» THE DATA:
.....

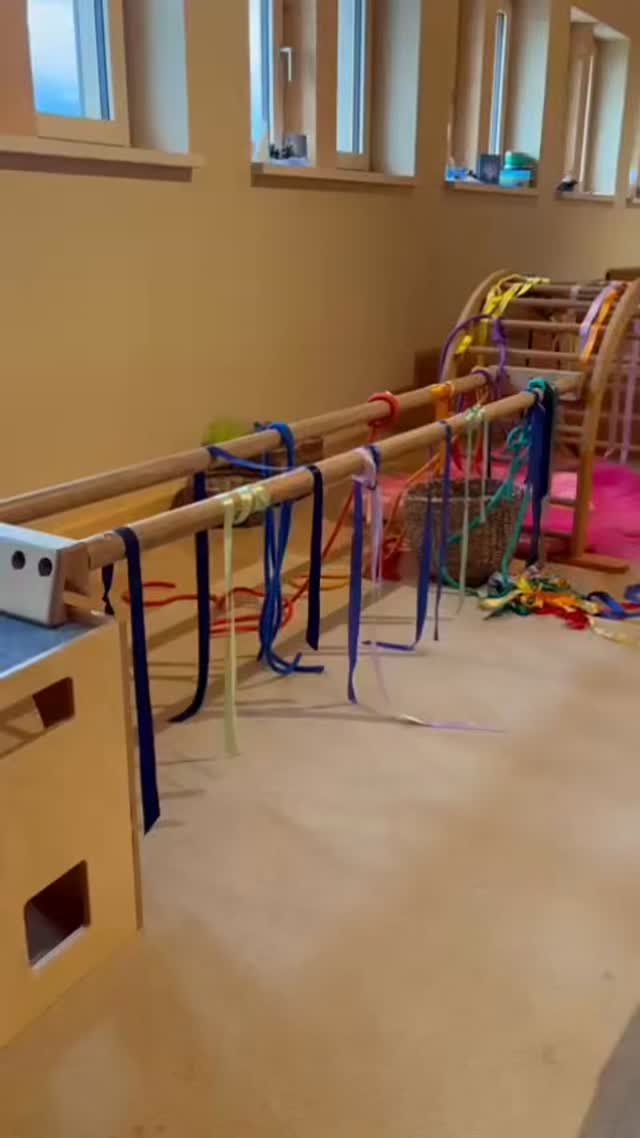 Seile und Bänder - so tolle Spielbegleiter.
#offenesspielmaterial #freiesspiel #kleinkind #spielgruppe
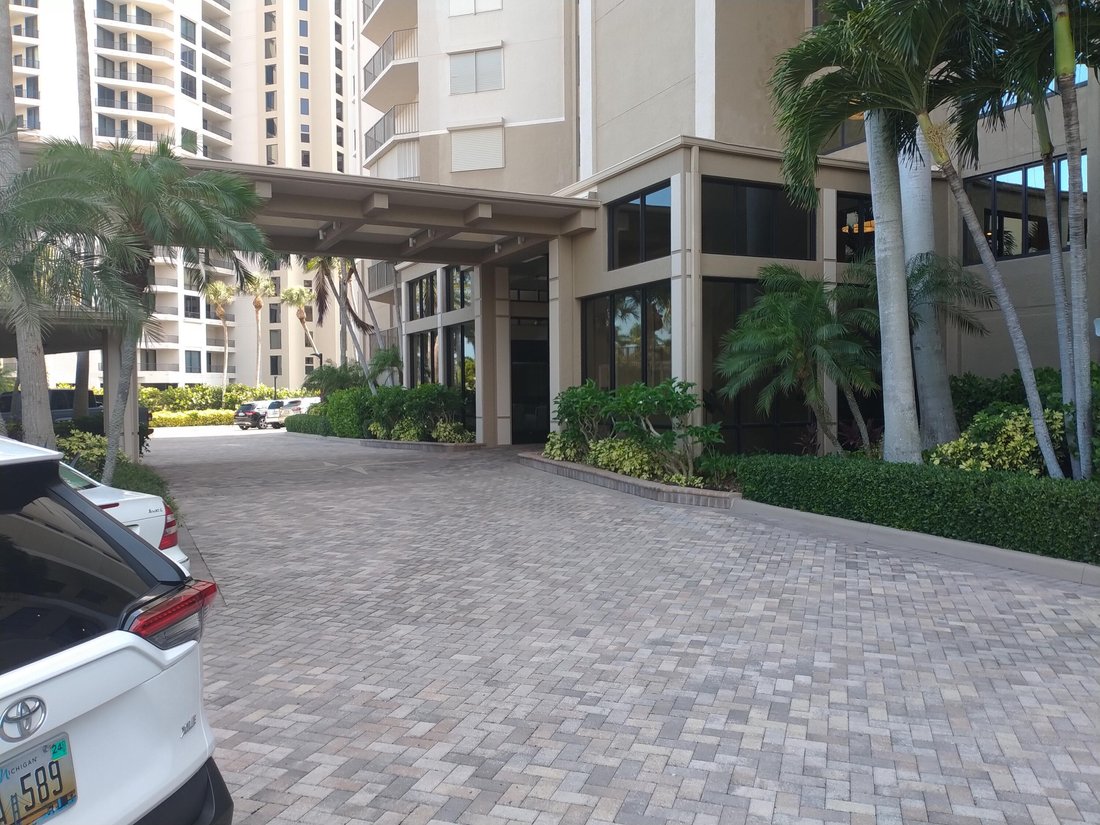 Condo in Marco Island, Florida, United States 4 - 17282218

.....

» REQUIREMENT: Could you give all of the data again exactly as written, omitting any pictures?

» WRITTEN RESPONSE:
 Seile und Bänder - so tolle Spielbegleiter.
#offenesspielmaterial #freiesspiel #kleinkind #spielgruppe
 Condo in Marco Island, Florida, United States 4 - 17282218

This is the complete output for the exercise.